[Dataset entries]
______________________________

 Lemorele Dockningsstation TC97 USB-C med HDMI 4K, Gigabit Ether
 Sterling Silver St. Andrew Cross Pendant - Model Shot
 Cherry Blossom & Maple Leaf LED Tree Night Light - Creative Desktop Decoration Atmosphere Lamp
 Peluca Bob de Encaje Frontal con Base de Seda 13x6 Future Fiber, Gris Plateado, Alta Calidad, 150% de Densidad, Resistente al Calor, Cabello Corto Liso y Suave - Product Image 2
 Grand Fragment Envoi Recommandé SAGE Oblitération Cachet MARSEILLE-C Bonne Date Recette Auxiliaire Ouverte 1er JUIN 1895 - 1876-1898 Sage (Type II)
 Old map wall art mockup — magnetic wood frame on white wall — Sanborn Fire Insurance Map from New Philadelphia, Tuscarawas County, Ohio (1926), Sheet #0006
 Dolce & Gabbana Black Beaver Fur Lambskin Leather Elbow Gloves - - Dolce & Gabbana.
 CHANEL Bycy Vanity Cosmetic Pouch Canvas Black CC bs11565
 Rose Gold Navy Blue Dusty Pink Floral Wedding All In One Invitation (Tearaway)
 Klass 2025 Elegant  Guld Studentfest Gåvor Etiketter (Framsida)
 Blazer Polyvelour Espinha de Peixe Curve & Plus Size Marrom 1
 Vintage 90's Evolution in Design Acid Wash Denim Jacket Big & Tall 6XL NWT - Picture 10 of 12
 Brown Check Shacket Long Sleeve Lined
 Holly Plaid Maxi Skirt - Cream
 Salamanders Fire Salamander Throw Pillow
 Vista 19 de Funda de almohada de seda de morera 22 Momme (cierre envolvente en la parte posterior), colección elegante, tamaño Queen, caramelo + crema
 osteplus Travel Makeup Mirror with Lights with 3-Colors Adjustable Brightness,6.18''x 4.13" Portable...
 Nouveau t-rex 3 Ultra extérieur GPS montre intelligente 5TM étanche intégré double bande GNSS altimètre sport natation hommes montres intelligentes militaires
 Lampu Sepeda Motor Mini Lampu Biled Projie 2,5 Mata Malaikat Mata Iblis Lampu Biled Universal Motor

______________________________

_What this task involves_
Where a line of the data contains "Black", copy that line.

_Exercise output_
 Dolce & Gabbana Black Beaver Fur Lambskin Leather Elbow Gloves - - Dolce & Gabbana.
 CHANEL Bycy Vanity Cosmetic Pouch Canvas Black CC bs11565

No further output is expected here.